Until I do, no way am I having a kid. The consequences is far to heavy to 'Just do it'.

mm said...

LP,

Nobody is EVER ready to be a father, or mother.

But everyone can be a father or mother. But it takes a special person to be a DAD or a MUM.

It took us 5 yrs to decide if we wanted to have one. Finally had one because of my mum. I must say its the single best decision we have ever made in both our lives.

The boy brings me joy everyday. Its like being a child again when you have kids. You grow with them and figure things out along the way together.

Its like seeing a "little you" again. Some1 you want to hold in your arms and cherish when they are young. Someone you can guide and transform into a responsible and kind child and adult when he/she grows up.

I must also add that having a kid really improved the bond between my wife and I, not that we weren't close before that. But having a kid takes it to a whole new level.

Of course there are screwed up parents, don't get me wrong.
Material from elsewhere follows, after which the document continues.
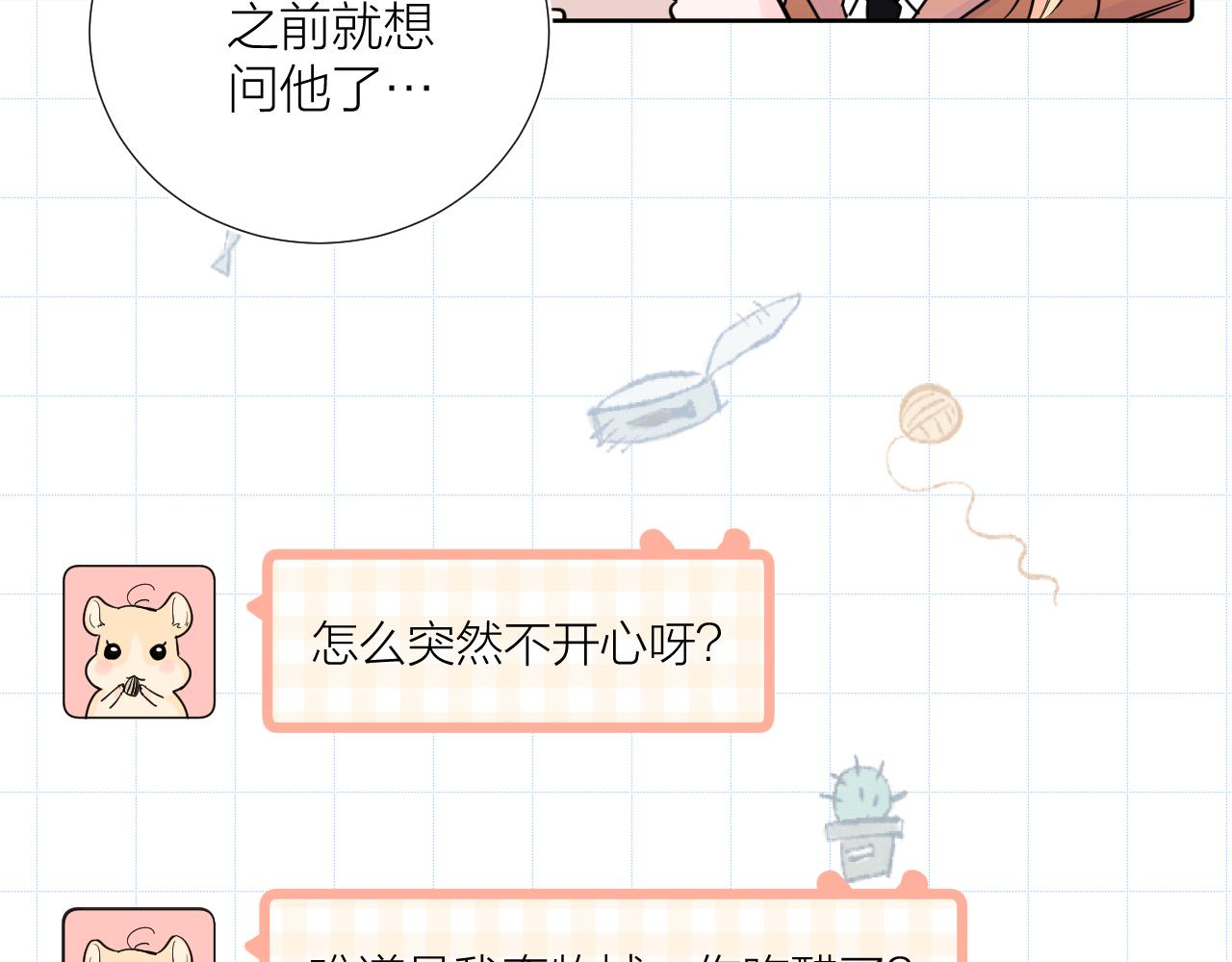 第35话 心向往之135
I also know of male relatives who screwed around after they had kids, resulting in the kid not having a father to grow up with. :(

The joy of having kids cannot ever be explained on text or to a person who don't have any, it can only be experienced. :)

I have a friend who has a MBA and double masters but has been sitting nicely at home taking care of her two princesses cos' she said that was the best decision for her.

Its never the money. Ppe. worry too much. If you want the vacation every year, the ten thousand types of crap tuition like I can read, I can math or whatever I also can, then it can get REALLY expensive.... But do kids really need those? Or are the parents throwing money to hide their insecurities?

Too much ramblings on a lazy Sunday evening.
Cheers,
mm

Musicwhiz said...

I'll keep it simple. Have kids - they make a very great (and positive) difference to your life!

I agree with MM - it's not about the money. Having kids is more than just money - it's commitment and time; but comes packaged with joy and laughter, happiness and fun too!

Just my views.

Musicwhiz

la papillion said...

Hi mm and mw,

Thanks for sharing your experiences with fatherhood with me :) I think I must look at more positive examples..been seeing all the bad cases of parenthood lately, so maybe that's why I'm getting worried.

I guess I just have to trust that everything will turn out fine :)

Anonymous said...

Should the mentioned Push factors be implemented, sporeans might just migrate.

la papillion said...

Hi anonymous,

Those who can already migrated. There are always people who wish to migrate but cannot do so.

Mei said...

I know this is an old post but came across it and found it interesting.

I too, want to have kids but I am neither married or attached.

So, hmm.. what's my reasons? I would love to experience being a parent. But having said that, I'll only bring a child into the world after knowing I can provide sufficiently (in my own terms) for it.

The grants, tax incentive etc. are just perks coz the "costs" may just outweigh these freebies.

la papillion said...

Hi Mei,

Haha, I think it's every responsible parent to think of having a child only when he/she is ready emotionally and financially :) You are not alone!

Have you considered adoption? I know of a lecturer who is neither married nor attached, heterosexual, but prefers to have an adopted kid. She's not from singapore though, she's from France. She practically saved the baby from having a crueler life than if she had been born where she is.